----- Given records

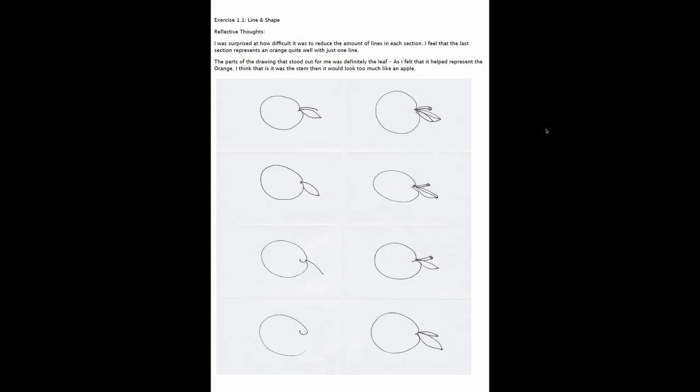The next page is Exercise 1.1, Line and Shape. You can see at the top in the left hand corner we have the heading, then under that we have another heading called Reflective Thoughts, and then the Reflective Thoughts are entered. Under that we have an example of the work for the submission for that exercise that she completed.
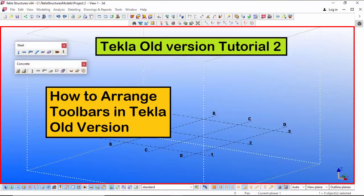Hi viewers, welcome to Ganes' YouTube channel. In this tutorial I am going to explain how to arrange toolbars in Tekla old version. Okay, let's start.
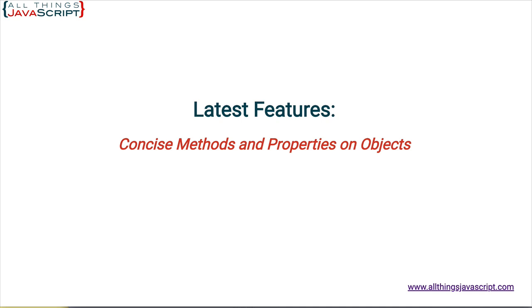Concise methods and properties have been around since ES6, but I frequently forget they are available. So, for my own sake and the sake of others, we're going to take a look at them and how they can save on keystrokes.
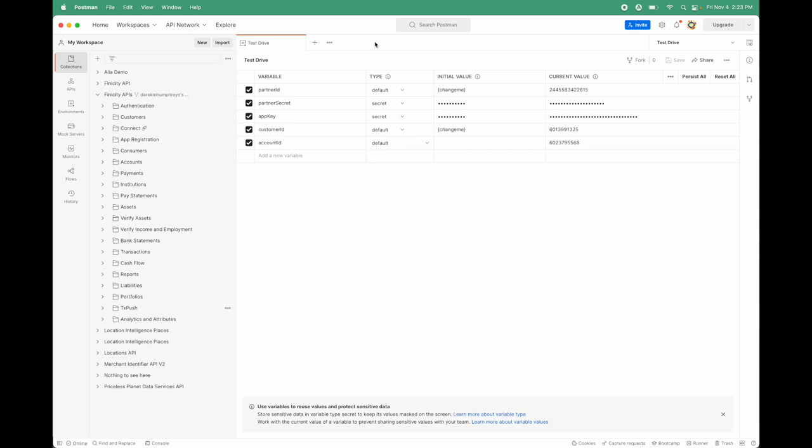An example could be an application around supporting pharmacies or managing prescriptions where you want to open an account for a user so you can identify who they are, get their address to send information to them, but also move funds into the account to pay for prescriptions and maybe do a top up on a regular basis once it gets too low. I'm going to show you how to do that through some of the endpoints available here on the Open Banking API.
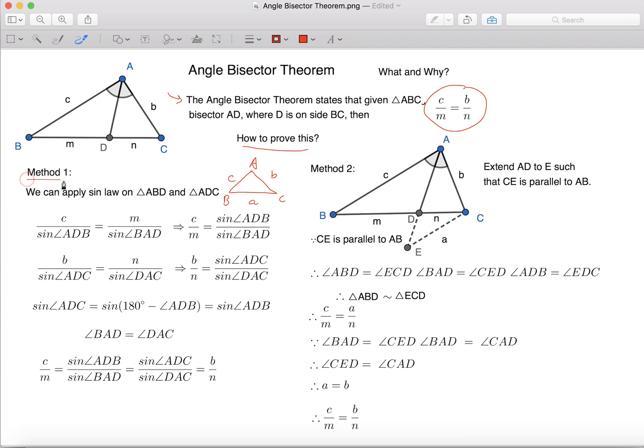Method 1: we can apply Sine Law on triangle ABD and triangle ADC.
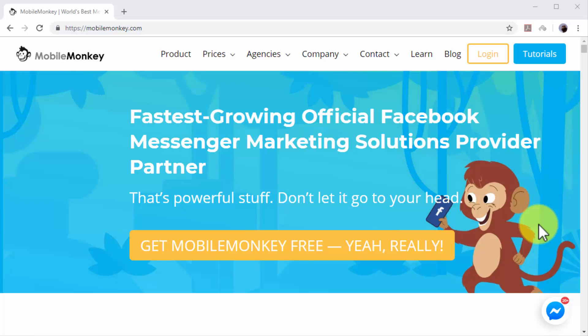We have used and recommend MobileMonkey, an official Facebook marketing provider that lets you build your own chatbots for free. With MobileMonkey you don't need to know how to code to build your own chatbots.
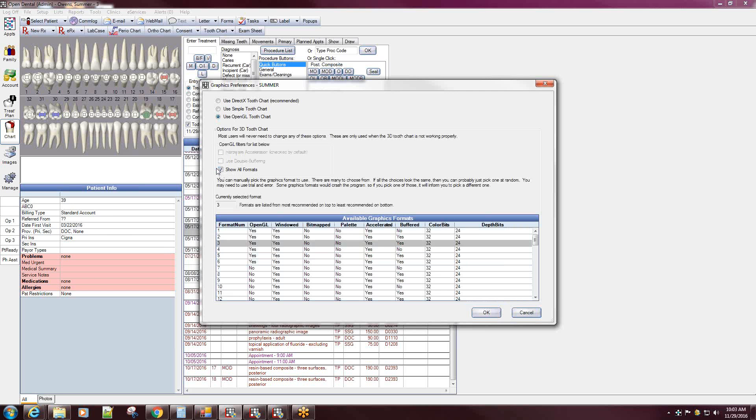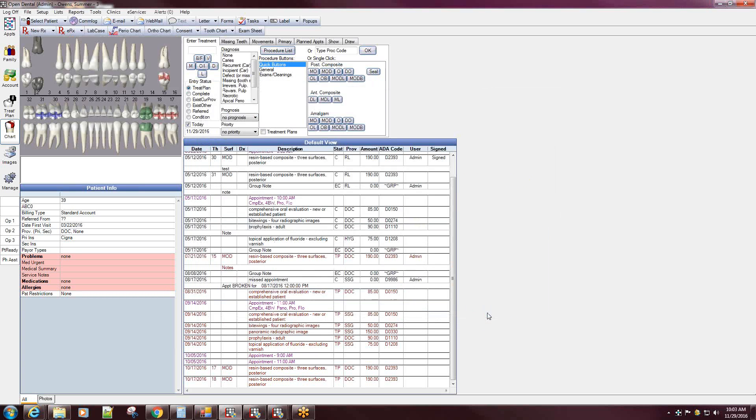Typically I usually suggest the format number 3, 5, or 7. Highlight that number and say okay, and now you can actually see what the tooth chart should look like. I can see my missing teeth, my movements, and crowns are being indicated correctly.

----------

Activity →
Everything from the line containing "Method 1: we" through the end of the data should be printed exactly, line for line, except the pictures.

Task result →
Method 1: we can apply Sine Law on triangle ABD and triangle ADC.
We have used and recommend MobileMonkey, an official Facebook marketing provider that lets you build your own chatbots for free. With MobileMonkey you don't need to know how to code to build your own chatbots.
Typically I usually suggest the format number 3, 5, or 7. Highlight that number and say okay, and now you can actually see what the tooth chart should look like. I can see my missing teeth, my movements, and crowns are being indicated correctly.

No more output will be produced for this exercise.